Im Laufe ihrer Forschung überprüften die Autoren viele wissenschaftliche Erkenntnisse, die sich zu widersprechen schienen. "Psychopathie wurde lange Zeit als eine einzige Persönlichkeitsstörung angenommen. Es gibt jedoch zunehmend Hinweise darauf, dass es sich um ein Zusammentreffen mehrerer verschiedener Persönlichkeitsmerkmale handelt ", sagt Skeem. Die Autoren der Monographie argumentieren, dass Psychopathie nicht "eine Sache" zu sein scheint, wie oft angenommen, sondern ein komplexer, facettenreicher Zustand zu sein scheint, der durch Mischungen von Persönlichkeitsmerkmalen gekennzeichnet ist, die unterschiedliche Ebenen von Enthemmung, Kühnheit und Gemeinheit widerspiegeln. Und wissenschaftliche Erkenntnisse deuten auch darauf hin, dass eine beträchtliche Untergruppe von jugendlichen und erwachsenen Straftätern, die als psychopathisch bezeichnet werden, tatsächlich emotional mehr gestört als emotional losgelöst sind und Anzeichen von Angst und Dysphorie zeigen.
Laut Skeem sind diese wichtigen Unterscheidungen der Aufmerksamkeit von Psychologen und politischen Entscheidungsträgern lange entgangen. Infolgedessen machten sie und ihre Co-Autoren sich daran, einige der Mythen und Annahmen zu zerstreuen, die Menschen oft über Psychopathie machen. Obwohl viele Menschen davon ausgehen könnten, dass Psychopathen "geboren" und nicht "gemacht" werden, betonen die Autoren, dass Psychopathie nicht nur eine Frage der Gene ist - sie scheint mehrere konstitutionelle Ursachen zu haben, die durch Umweltfaktoren beeinflusst werden können. Viele Psychologen gehen auch davon aus, dass Psychopathie unveränderlich ist – einmal ein Psychopath, immer ein Psychopath. Es gibt jedoch derzeit kaum wissenschaftliche Beweise, die diese Behauptung stützen. Jüngste empirische Arbeiten deuten darauf hin, dass Jugendliche und Erwachsene mit hohen Werten für Psychopathiemessungen nach intensiver Behandlung reduziertes gewalttätiges und anderes kriminelles Verhalten zeigen können.

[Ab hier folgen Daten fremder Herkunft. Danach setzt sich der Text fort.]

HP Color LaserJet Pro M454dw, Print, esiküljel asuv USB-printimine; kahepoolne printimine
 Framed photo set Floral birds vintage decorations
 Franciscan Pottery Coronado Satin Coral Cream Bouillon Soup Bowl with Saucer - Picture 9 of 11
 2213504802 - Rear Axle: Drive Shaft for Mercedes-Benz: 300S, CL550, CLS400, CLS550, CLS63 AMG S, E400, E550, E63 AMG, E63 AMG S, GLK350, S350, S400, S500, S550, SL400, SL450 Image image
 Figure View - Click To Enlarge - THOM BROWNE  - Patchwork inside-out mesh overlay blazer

Neben der Infragestellung der Annahme, dass Psychopathie eine monolithische Entität ist, ist der vielleicht andere wichtigste Mythos, den die Autoren zu zerstreuen hoffen, dass Psychopathie gleichbedeutend mit Gewalt ist. Skeem weist darauf hin, dass psychopathische Personen oft keine Vorgeschichte von gewalttätigem Verhalten oder strafrechtlichen Verurteilungen haben. "Psychopathie kann nicht mit extremer Gewalt oder Serientötung gleichgesetzt werden. Tatsächlich scheinen "Psychopathen" sich in ihrer Art nicht von anderen Menschen zu unterscheiden oder unveränderlich gefährlich zu sein ", beobachtet sie. Es ist auch nicht klar, dass Psychopathie Gewalt viel besser vorhersagt als eine Vorgeschichte von gewalttätigem und anderem kriminellen Verhalten – oder allgemeinen antisozialen Merkmalen.
Diese Mythen effektiv zu zerstreuen, argumentieren die Autoren, weil genaue politische Empfehlungen davon abhängen, welche Persönlichkeitsmerkmale - und welche Gruppen von Menschen - mit Psychopathie verbunden sind. "Entscheidungen über jugendliche und erwachsene Straftäter, die auf fehlerhaften Annahmen über Gewaltrisiko, Ätiologie und Behandlungsfreundlichkeit basieren, haben nachteilige Folgen, sowohl für einzelne Straftäter als auch für die Öffentlichkeit", sagt Skeem.
Durch die Klärung der Persönlichkeitsmerkmale, die Psychopathie charakterisieren, können Wissenschaftler zu Präventions- und Behandlungsstrategien beitragen, die die öffentliche Gesundheit und Sicherheit verbessern. "Kurz gesagt, die Forschung zur Psychopathie hat sich auf ein Niveau entwickelt, das sie gegenüber dem derzeitigen politischen Ansatz "Einheitsgröße" erheblich verbessern kann", schließt Skeem.